Ihr Unternehmen bietet unter anderem individuelle Arbeitszeitgestaltung, unbezahlte Freistellungen, betriebliche Kinderbetreuungsangebote oder kostenfreie Nutzung von Getränken und Obst an? Wenn ja, dann stehen die Chancen gut, das Bremer Siegel „Ausgezeichnet Familienfreundlich“ zu erhalten – so wie das am Mittwoch für 21 Unternehmen der Fall war. Die feierliche Zeremonie fand in der Oberen Rathaushalle statt. Schirmherr ist Wirtschaftssenator Martin Günthner (SPD). Außerdem wurde an elf Unternehmen das überregionale Audit „Beruf-und-Familie“ der gemeinnützigen Hertie-Stiftung überreicht.
Neben dem sozialen Aspekt, bei dem es um die Auszeichnungen geht, sollen sich Unternehmen mit dem Siegel vor allem besser im Wettbewerb um Fachkräfte positionieren können: Denn es zählt heutzutage nicht mehr nur die Höhe des Gehalts, sondern das Zusammenspiel von Erwerbsleben und Privatem gewinnt immer mehr an Bedeutung. Vereinbarkeit von Familie und Beruf sei längst nicht mehr nur ein weicher Standortfaktor, sondern ein harter im Wettbewerb um Arbeitskräfte, sagte Günthner in seiner Begrüßung. Nicht nur in diesem Zusammenhang würde ein darauf ausgerichtetes Unternehmen profitieren, sondern es sei erwiesen, dass auch die Produktivität der Arbeitnehmer in einem familienfreundlichen Umfeld wesentlich höher sei als anderswo.
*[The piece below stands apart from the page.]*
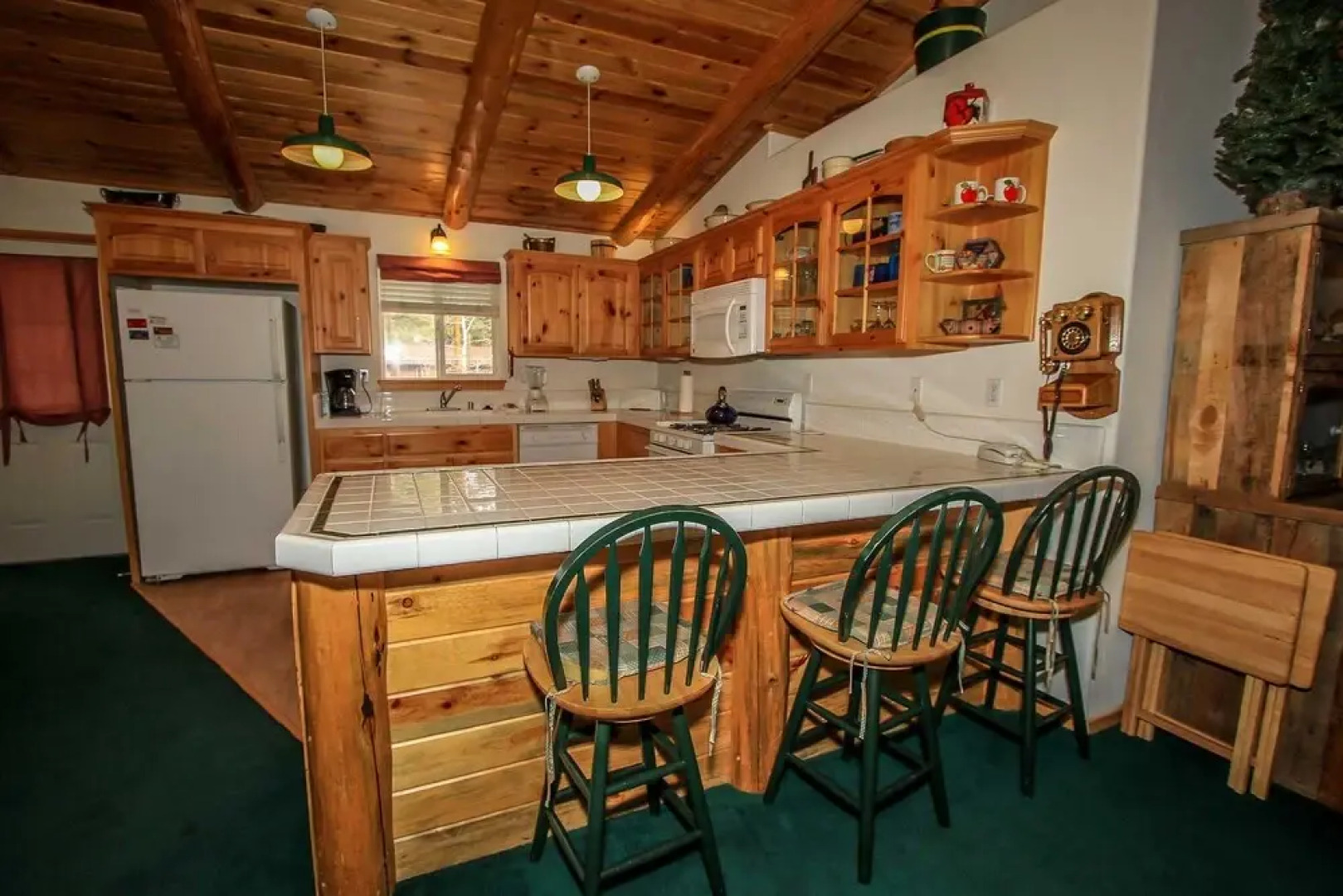 Aspen Grove 1041 by RedAwning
Initiiert und betreut wird das Siegel-Projekt vom gemeinnützigen Verein Impulsgeber Zukunft bereits zum elften Mal. Der Verein versteht sich als zentrale Servicestelle für die Wirtschaft, Politik und Verwaltung rund um die Vereinbarkeit von Beruf und Familie in der Metropolregion Bremen-Oldenburg. „Wir unterstützen Sie dabei, wenn Sie sich erstmalig familienfreundlich aufstellen wollen oder wenn Sie bereits eingesetzte Angebote zur Verbesserung der Vereinbarkeit erweitern wollen“, heißt es unter anderem auf der Internetseite des Vereins. „Wir sensibilisieren, informieren, beraten und vernetzen Wirtschaft, Politik und Öffentlichkeit zu allen Facetten der Vereinbarkeit von Beruf und Familie sowie der Demografiefestigkeit im Sinne einer lebensphasenorientierten Personalpolitik.“ Familienfreundlichkeit sei ein wesentlicher Baustein für die Zukunftsfähigkeit der Gesellschaft.
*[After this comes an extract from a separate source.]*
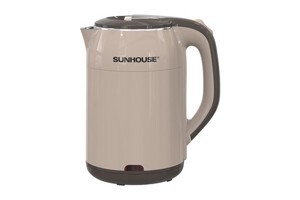 Bình đun siêu tốc Sunhouse 1.8 lít SHD1357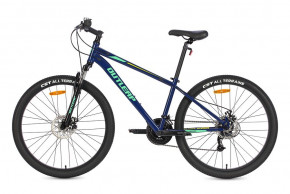  Outleap Outbrake 27.5 L Blue Turquoise 3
Unter den ausgezeichneten Unternehmen seien auch ein paar rezertifizierte Betriebe dabei, so Rena Fehre von Impulsgeber Zukunft. Das sei ein Zeichen für Nachhaltigkeit. Die Inhalte von „Ausgezeichnet Familienfreundlich“ – das Siegel gilt für zwei Jahre – seien Teil des gesamten Systems geworden. Von Familienfreundlichkeit würde jeder Arbeitnehmer profitieren – ob weiblich, männlich, ob jung oder alt, ergänzte Mirja Beerens, seit zwei Monaten Geschäftsführerin von Impulsgeber Zukunft. In dieser Zeit habe sie bereits auch einige Unternehmen kennengelernt, die sich noch nicht haben zertifizieren lassen, obwohl sie die Voraussetzungen dafür hätten. Das liege vielleicht am Bremer Understatement, aber in diesem Fall sei es sinnvoller, nach dem Motto „Tue Gutes und rede darüber“ zu handeln.
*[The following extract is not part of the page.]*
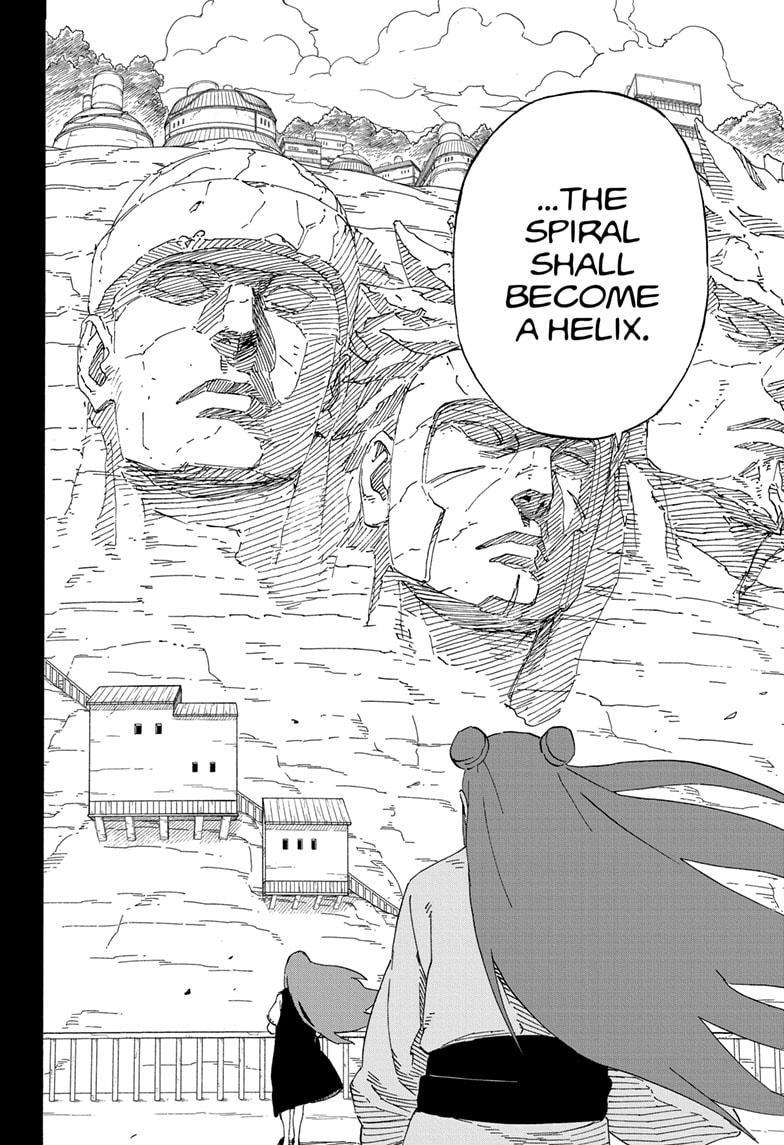 Naruto Chap 700.5 - Next Chap 701.5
Was Vereinbarkeit von Familie und Beruf angeht, hat sich zwar in den vergangenen Jahren viel getan, aber es wurde erst ein kleines Stück des Weges geschafft – zumindest aus Sicht von Ulrike Hauffe, Bremer Landesbeauftragte für Frauen, und Kirsten Frohnert, Projektleiterin vom überregionalen Netzwerkbüro „Erfolgsfaktor Familie“. Vereinbarkeit von Familie und Beruf stehe vor großen Herausforderungen – gerade auch im Hinblick auf eine sich massiv ändernde Arbeitswelt durch Digitalisierung, wie sie beide im Interview-Programmpunkt betonten und unter dem Stichwort Vereinbarkeit 4.0 zusammenfassten. Unternehmensgrenzen würden sich stärker auflösen, und es werde mehr ältere Arbeitnehmer geben, die mehr Pflegezeiten für Angehörige benötigen. Das seien nur ein paar Faktoren, die eine Modernisierung der Arbeitskultur erforderlich machen werden – gerade im Hinblick auf Vereinbarkeit von Familie und Beruf.